## Exercise description:
Everything from the line containing "Two fit young" to the end of the material, both ends included, should be repeated exactly; please give only those lines.
Content starts
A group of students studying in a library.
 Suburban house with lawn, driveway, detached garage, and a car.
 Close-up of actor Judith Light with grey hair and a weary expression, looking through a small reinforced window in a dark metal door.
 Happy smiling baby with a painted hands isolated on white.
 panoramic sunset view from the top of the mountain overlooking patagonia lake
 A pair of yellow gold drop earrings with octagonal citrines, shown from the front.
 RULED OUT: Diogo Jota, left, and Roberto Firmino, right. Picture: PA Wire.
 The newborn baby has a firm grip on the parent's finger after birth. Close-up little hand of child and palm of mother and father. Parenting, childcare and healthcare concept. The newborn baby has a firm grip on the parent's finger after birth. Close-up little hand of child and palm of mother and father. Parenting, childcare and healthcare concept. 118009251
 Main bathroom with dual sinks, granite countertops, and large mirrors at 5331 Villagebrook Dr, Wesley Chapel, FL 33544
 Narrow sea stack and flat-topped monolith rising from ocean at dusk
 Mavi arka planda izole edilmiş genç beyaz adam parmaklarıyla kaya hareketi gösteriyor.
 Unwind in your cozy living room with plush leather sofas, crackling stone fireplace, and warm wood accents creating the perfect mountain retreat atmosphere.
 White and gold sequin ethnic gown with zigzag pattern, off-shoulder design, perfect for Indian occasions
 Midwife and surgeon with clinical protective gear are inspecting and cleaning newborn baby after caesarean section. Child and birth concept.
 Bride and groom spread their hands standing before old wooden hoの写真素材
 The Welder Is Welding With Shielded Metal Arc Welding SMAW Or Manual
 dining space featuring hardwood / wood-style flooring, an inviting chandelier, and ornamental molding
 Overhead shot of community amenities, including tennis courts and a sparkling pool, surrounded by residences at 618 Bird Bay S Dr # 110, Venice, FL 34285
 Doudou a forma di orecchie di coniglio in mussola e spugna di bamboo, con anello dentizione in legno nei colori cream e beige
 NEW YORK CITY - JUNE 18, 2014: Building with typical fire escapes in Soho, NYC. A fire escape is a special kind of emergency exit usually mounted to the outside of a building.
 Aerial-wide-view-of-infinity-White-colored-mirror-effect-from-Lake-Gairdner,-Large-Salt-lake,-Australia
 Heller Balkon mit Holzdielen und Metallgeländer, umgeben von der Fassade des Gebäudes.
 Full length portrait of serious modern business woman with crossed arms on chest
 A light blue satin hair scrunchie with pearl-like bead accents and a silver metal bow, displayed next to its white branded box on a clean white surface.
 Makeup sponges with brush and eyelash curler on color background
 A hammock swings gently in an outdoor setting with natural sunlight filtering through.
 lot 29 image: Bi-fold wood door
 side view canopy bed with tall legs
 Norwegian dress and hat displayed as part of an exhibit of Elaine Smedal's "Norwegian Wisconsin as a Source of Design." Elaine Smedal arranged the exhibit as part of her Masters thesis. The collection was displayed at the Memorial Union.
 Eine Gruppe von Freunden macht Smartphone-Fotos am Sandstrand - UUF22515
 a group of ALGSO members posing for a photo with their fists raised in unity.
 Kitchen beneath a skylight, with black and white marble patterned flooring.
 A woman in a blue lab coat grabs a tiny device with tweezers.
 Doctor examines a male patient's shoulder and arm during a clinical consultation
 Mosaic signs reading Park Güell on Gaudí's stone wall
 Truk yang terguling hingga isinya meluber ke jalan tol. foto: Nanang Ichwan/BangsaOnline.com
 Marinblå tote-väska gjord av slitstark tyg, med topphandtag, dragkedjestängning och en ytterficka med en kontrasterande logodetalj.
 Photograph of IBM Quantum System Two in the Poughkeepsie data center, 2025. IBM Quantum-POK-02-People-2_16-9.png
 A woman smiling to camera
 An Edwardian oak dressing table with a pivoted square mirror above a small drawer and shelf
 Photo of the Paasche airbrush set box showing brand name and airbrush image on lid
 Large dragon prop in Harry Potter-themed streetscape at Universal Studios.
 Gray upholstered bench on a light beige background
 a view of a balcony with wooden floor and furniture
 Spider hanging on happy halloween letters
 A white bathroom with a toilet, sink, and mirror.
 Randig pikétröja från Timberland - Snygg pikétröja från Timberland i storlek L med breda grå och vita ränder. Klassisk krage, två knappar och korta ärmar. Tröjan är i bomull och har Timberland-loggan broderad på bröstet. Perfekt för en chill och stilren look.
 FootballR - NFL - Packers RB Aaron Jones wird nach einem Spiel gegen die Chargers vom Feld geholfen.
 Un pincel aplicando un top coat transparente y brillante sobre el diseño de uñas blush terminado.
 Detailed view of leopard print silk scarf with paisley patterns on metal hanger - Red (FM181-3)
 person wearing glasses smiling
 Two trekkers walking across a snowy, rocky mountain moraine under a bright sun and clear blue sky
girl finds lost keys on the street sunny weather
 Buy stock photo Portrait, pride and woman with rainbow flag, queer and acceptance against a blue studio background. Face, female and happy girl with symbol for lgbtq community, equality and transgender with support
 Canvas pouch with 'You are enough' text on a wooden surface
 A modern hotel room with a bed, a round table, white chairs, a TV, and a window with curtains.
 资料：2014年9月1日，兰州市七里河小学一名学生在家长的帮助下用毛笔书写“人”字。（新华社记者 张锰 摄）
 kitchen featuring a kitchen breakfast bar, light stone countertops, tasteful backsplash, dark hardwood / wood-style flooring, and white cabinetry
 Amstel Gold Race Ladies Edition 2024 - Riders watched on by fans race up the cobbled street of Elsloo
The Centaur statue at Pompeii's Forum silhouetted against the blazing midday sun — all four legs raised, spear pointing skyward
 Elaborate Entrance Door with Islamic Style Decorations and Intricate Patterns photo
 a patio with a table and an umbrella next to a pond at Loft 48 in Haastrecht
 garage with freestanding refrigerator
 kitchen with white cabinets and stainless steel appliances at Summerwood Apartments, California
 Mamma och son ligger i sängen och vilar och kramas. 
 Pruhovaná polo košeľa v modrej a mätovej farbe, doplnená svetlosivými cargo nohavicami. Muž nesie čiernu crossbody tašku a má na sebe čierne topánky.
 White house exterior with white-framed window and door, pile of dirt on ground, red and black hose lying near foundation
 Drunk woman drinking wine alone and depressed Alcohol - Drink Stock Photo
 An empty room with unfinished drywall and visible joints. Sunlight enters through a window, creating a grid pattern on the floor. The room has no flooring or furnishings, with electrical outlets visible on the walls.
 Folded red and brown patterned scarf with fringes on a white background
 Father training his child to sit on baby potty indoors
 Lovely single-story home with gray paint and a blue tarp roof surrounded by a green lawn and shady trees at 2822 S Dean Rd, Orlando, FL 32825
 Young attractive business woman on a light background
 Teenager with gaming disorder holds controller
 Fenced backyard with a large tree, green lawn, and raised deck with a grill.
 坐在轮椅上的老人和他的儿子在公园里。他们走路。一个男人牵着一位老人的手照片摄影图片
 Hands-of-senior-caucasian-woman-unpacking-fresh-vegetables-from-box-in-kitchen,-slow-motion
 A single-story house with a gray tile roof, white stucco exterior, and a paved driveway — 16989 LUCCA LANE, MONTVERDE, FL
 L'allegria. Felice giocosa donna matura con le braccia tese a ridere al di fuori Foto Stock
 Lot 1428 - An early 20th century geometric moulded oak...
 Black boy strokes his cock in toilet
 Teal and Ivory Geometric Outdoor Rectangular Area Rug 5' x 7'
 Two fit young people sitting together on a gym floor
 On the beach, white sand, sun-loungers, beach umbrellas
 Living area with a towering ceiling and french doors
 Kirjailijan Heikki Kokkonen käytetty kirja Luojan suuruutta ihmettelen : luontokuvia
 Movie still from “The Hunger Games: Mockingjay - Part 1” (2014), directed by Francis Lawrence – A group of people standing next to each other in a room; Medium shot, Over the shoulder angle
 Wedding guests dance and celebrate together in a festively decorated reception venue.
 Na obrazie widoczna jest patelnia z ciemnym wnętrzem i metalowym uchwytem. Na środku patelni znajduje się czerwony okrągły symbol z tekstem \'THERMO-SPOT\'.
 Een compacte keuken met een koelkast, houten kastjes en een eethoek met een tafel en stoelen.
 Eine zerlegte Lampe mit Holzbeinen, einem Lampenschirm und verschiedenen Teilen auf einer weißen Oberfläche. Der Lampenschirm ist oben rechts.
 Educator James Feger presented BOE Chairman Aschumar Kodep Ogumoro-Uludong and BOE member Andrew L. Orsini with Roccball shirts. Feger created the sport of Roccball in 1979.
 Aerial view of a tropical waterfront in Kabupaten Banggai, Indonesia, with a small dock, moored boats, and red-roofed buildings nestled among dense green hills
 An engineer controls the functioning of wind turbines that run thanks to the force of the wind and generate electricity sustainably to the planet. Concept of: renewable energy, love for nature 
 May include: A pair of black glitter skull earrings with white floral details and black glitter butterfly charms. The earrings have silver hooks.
Content ends
## Answer below:
 Two fit young people sitting together on a gym floor
 On the beach, white sand, sun-loungers, beach umbrellas
 Living area with a towering ceiling and french doors
 Kirjailijan Heikki Kokkonen käytetty kirja Luojan suuruutta ihmettelen : luontokuvia
 Movie still from “The Hunger Games: Mockingjay - Part 1” (2014), directed by Francis Lawrence – A group of people standing next to each other in a room; Medium shot, Over the shoulder angle
 Wedding guests dance and celebrate together in a festively decorated reception venue.
 Na obrazie widoczna jest patelnia z ciemnym wnętrzem i metalowym uchwytem. Na środku patelni znajduje się czerwony okrągły symbol z tekstem \'THERMO-SPOT\'.
 Een compacte keuken met een koelkast, houten kastjes en een eethoek met een tafel en stoelen.
 Eine zerlegte Lampe mit Holzbeinen, einem Lampenschirm und verschiedenen Teilen auf einer weißen Oberfläche. Der Lampenschirm ist oben rechts.
 Educator James Feger presented BOE Chairman Aschumar Kodep Ogumoro-Uludong and BOE member Andrew L. Orsini with Roccball shirts. Feger created the sport of Roccball in 1979.
 Aerial view of a tropical waterfront in Kabupaten Banggai, Indonesia, with a small dock, moored boats, and red-roofed buildings nestled among dense green hills
 An engineer controls the functioning of wind turbines that run thanks to the force of the wind and generate electricity sustainably to the planet. Concept of: renewable energy, love for nature 
 May include: A pair of black glitter skull earrings with white floral details and black glitter butterfly charms. The earrings have silver hooks.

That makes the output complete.